Network Visualisation. Figure 6 shows the CMLONs for the real-world functions. For consistency with Fig. 3, the captions also indicate the success rate, which was 1.0 in all cases. We can observe that the networks for the real-world problems (Fig. 6) are much smaller (in terms of the number of nodes and edges) than the synthetic functions (Fig. 3); their overall structure is also different. The radar function with \(n=3\) has several thousands of global optima (7014 in our sampling process), however they are all connected and compressed into a single node in the CMLON model (red node in Fig. 6(a)). The CMLON in this case shows a single easy to traverse funnel structure, where one or two hops (edges) are sufficient to reach a global optimum. As n increases (Fig. 6(b) and (c)) the number of funnel sinks (nodes without outgoing edges) increases, but they are all global sinks (red nodes). Moreover, from none to three edges are sufficient to reach a global optimum (no edges means that the first optimum attained is a global optimum), whereas more steps are required to reach a global optimum for the easy to solve synthetic functions (Fig. 3(a)–(f)). The clustering function (Fig. 6(d)–(f)), shows small networks with a single global funnel and short paths lengths to attain the global optimum. The networks for this problem increase in size (number of nodes and edges) with increasing problem dimension.

Fig. 6.
figure 6

CMLON visualisations for the real-world problems with different dimensions.

6 Conclusions

We extracted and analysed basin-hoping network models from synthetic and real-world continuous optimisation problems, and explored the effect of alternative initialisation methods as well as the problem dimension. Our main goal was to analyse and contrast the global (funnel) structure of the studied landscapes. The number of funnels tend to increase with the problem dimension, however, only one of the studied synthetic functions, Schwefel 2.26, showed sub-optimal funnels. We found striking differences between the synthetic and the real-world functions. Surprisingly, the real-world functions were easier to solve than the synthetic functions and our network analysis and visualisation revealed why this is the case.

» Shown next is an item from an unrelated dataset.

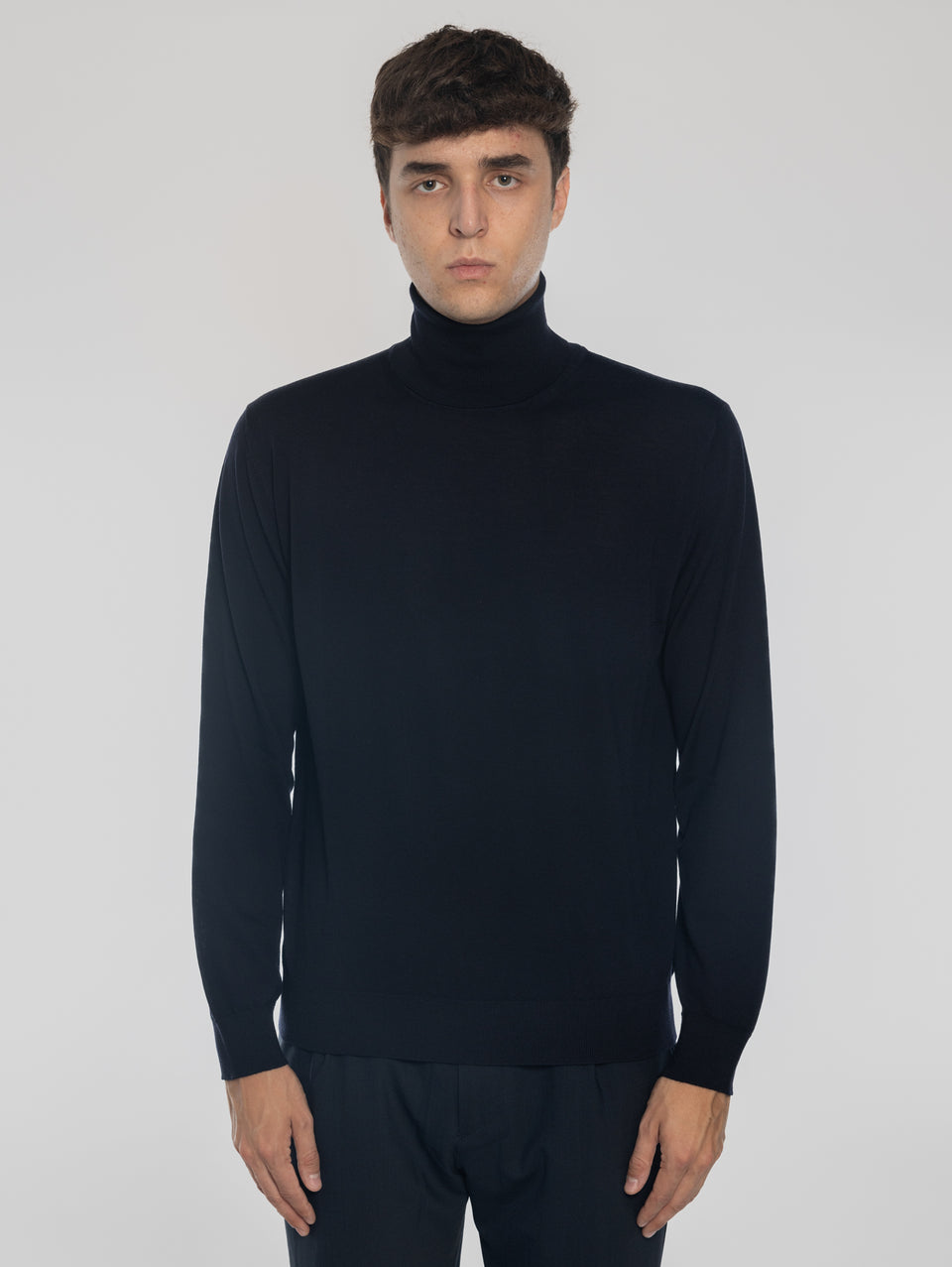 ALPHA STUDIO Maglia Collo Alto in Lana Ultrafine Blu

The real-world problems produced much smaller network models (in terms of nodes and edges) and optimal funnels with shallow depth; a few hops were sufficient to reach a global optimum. The real-world problems also have many global optima, as opposed to one or two as observed in the synthetic functions, and much higher levels of neutrality measured as the proportion of connected local optima at the same fitness level. These findings indicate that designing and improving algorithms according to their performance on synthetic functions may be misleading. Our approach offers a novel way of visualising and analysing the global structure of continuous functions with more than two variables. Future work will explore higher dimensions and additional real-world problems. The new set of metrics extracted from network models can also be used to guide parameter tuning and automatic algorithm selection in real-world engineering and machine learning optimisation problems.